Batik, kata Kiai Said, adalah ciri khas Indonesia yang unik dan mengandung filosofi daerah dimana ia dibuat. Seperti batik Yogya, Cirebon, Solo, Pekalongan, dan daerah memiliki filosofinya masing-masing. 

“Orang dulu membuat motifnya itu tidak sembarangan. Apalagi yang batik tulis. Konon katanya ketika akan membatik itu ada yang tirakat dulu sebab ada yang sampai dua tahun. Konon begitu yang batik tulis.
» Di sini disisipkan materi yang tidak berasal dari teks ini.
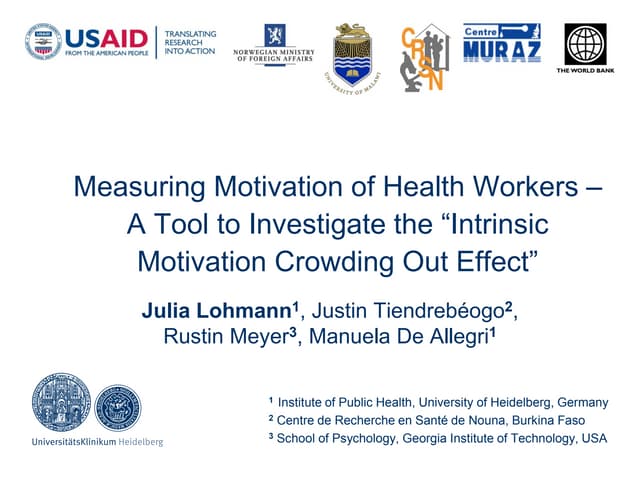 Measuring Motivation of Health Work...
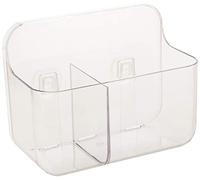 Addis Invisifix 517873 Porte-Brosse à Dents 2 Compartiments Translucide 9,5 x 14 x 18 cm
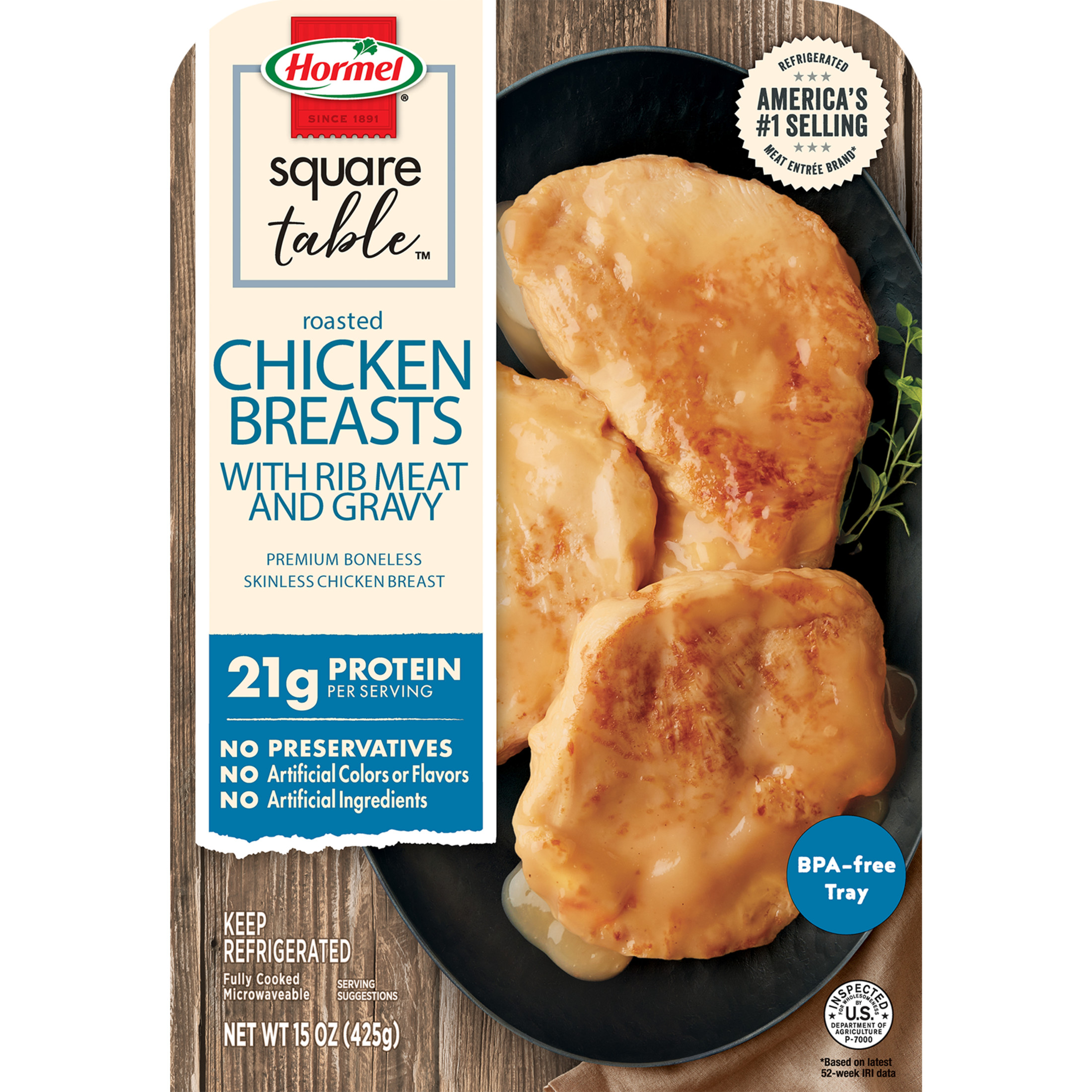 HORMEL SQUARE TABLE Roasted Chicken Breasts & Gravy EntrÃ©e, Refrigerated, 15 oz Plastic Tray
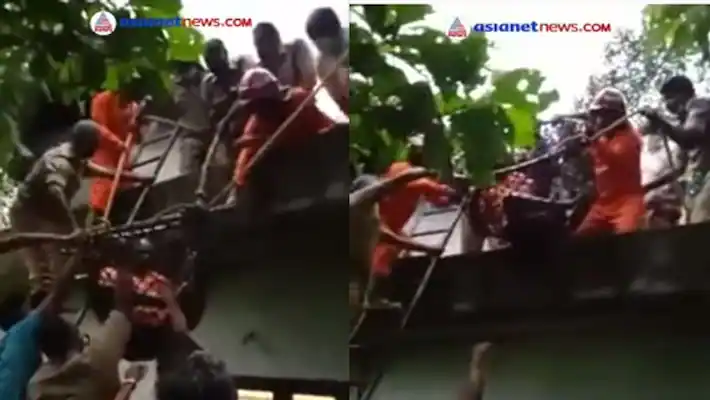 ടെറസില്‍ കുടുങ്ങിയ മദ്ധ്യവയസ്‌കനെ പോലീസും ഫയര്‍ ഫോഴ്‌സും ചേര്‍ന്ന് രക്ഷപ്പെടുത്തി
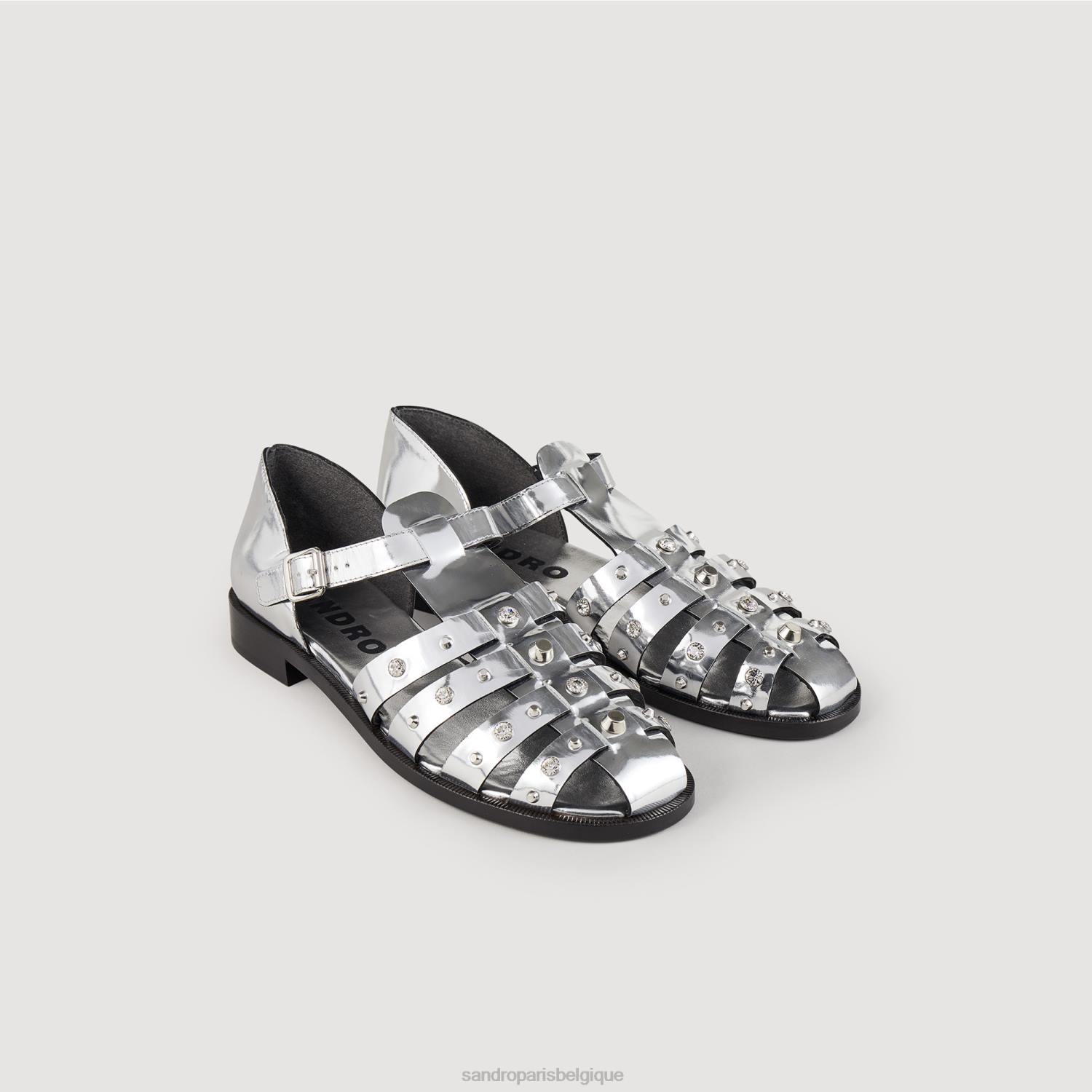 chaussure Sandro Paris sandales à clous Olympa argent femmes XLXD487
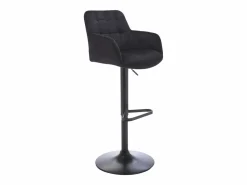 Vente-unique Lote de 2 taburetes de bar de terciopelo y metal - Altura ajustable - - PEGA Negro Sale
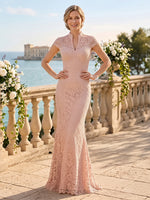 Lace Mermaid High Neck Floor Length Cap Sleeves Mother of the Bride Dresses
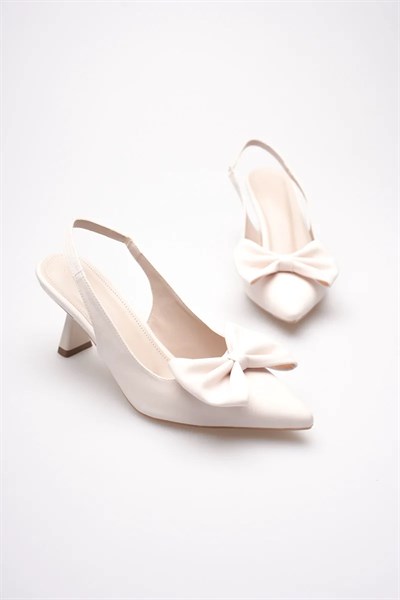 Bej Fiyonklu Kitten Topuklu Slingback Kadın Ayakkabı TR08MS24B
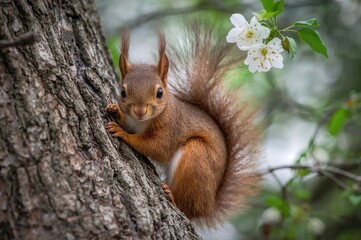 Obraz premium A Brown Squirrel Stands Still on a Tree Trunk, Gazing with Dark Eyes as Blossoms Surround It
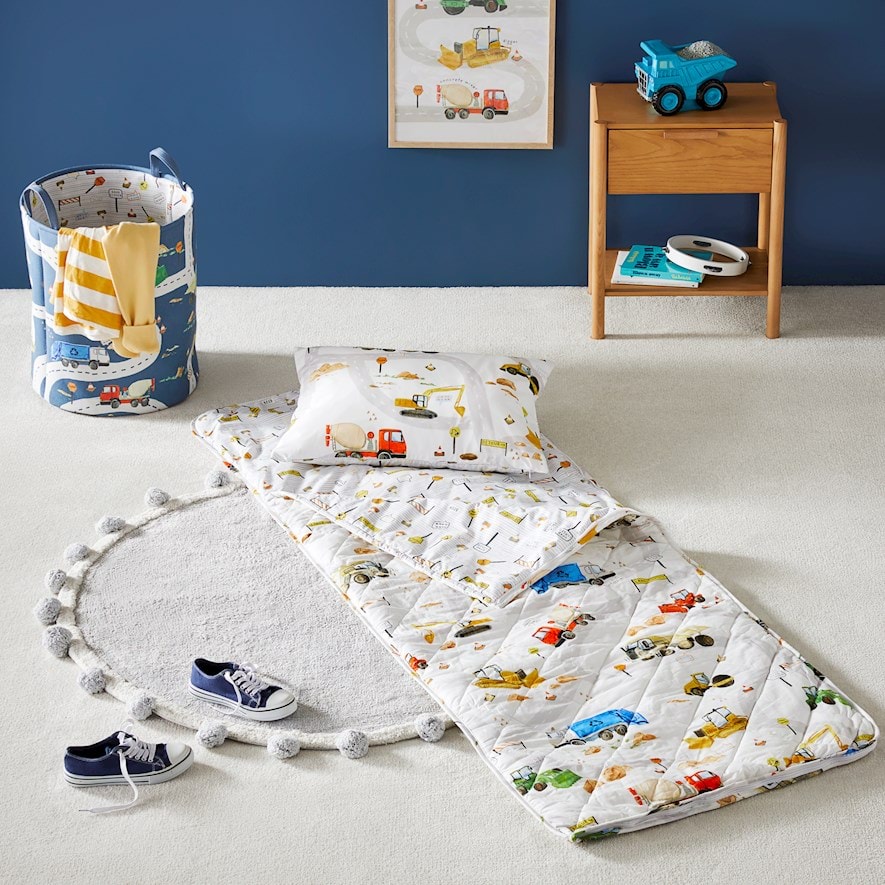 Adairs Kids Truck Town White Coordinating Sleeping Bag Adairs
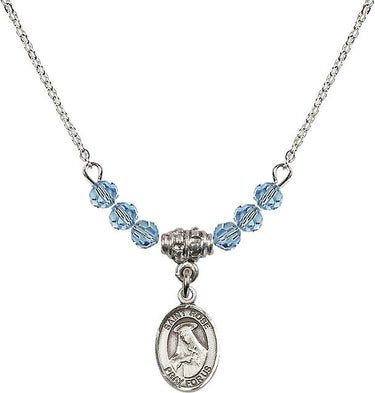 Saint Rose of Lima Birthstone Necklace | 1/2 inch | 4mm Beads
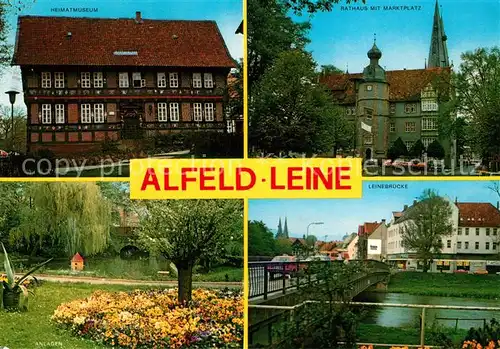 AK / Ansichtskarte Alfeld_Leine Heimatmuseum Rathaus Marktplatz Anlagen Leinebruecke Alfeld_Leine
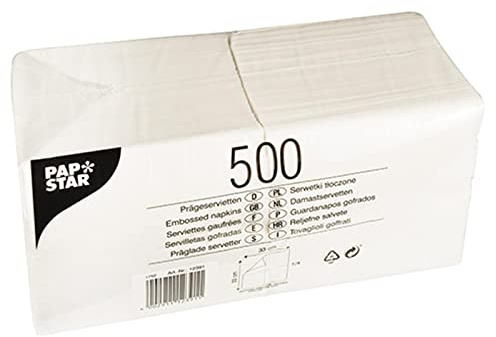 PAPSTAR Servietten, 330 x 330 mm, 1lagig, weiß 12391, Weiss/opulenter Garten, 16" x 16"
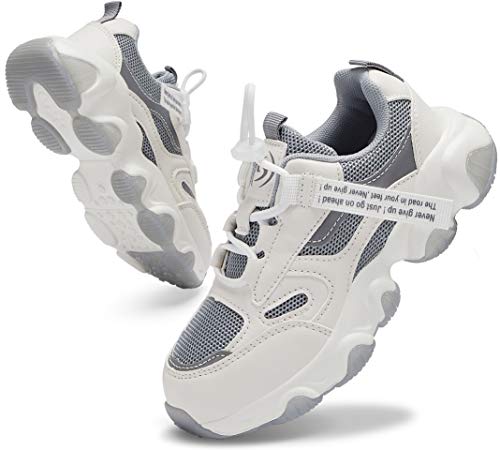 Santiro Little Boys Sneakers Lightweight No Tie Kids Girls Running Shoes Grey Size 13 #TOP24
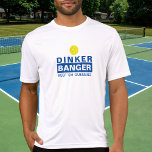 Funny Pickleball Dinker eller Banger Behålla Em Gu T Shirt<br><div class="desc">Lustigt pickleball-skjorta som lyder Dinker Banger,  Behålla Em Guessing. Gör en perfekt till pickleball-entusiasten - underbar för turneringar - eftersom det behållor dina motståndare som gissar.</div>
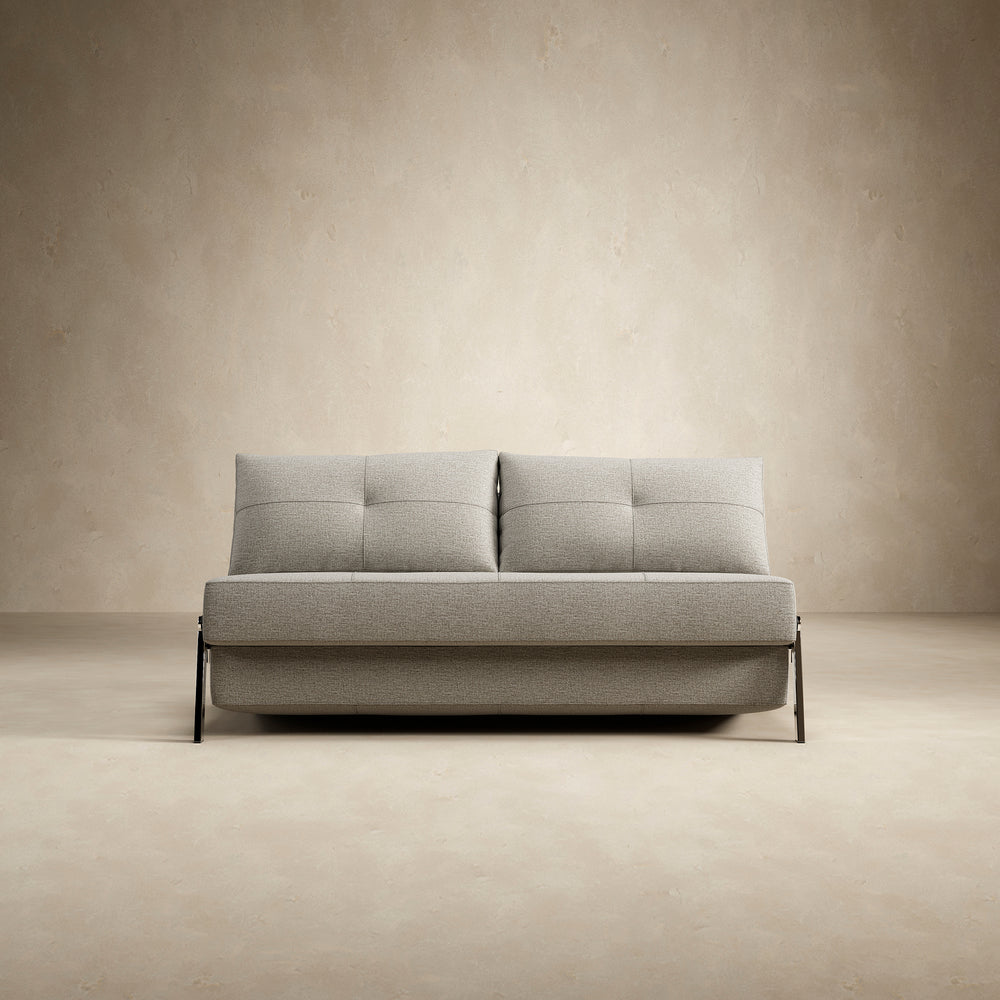 Cubed 2-Seater Armless Sofa Bed with Chrome Legs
Itu untuk keberkahan,” terangnya.

Baca Juga:  Ketum PBNU dan Habib Luthfi Masuk Daftar 500 Tokoh Muslim Paling Berpengaruh di Dunia

Kiai Said juga menyebut bahwa orang yang membatik bukan hanya semata-mata mencari materi atau uang, tapi mempertahankan jati diri karena soal uang itu tak setimpal dari daya ciptanya. 

“Menjadi warga negara Indonesia adalah amanat dari Allah Subhanahu wa ta’ala,” ujar Kiai Said.

“Saya jadi orang Indonesia bukan pilihan. Tiba-tiba Tuhan menghendaki saya jadi orang Indonesia, itu kan anugerah, amanah dari Tuhan,” sambungnya.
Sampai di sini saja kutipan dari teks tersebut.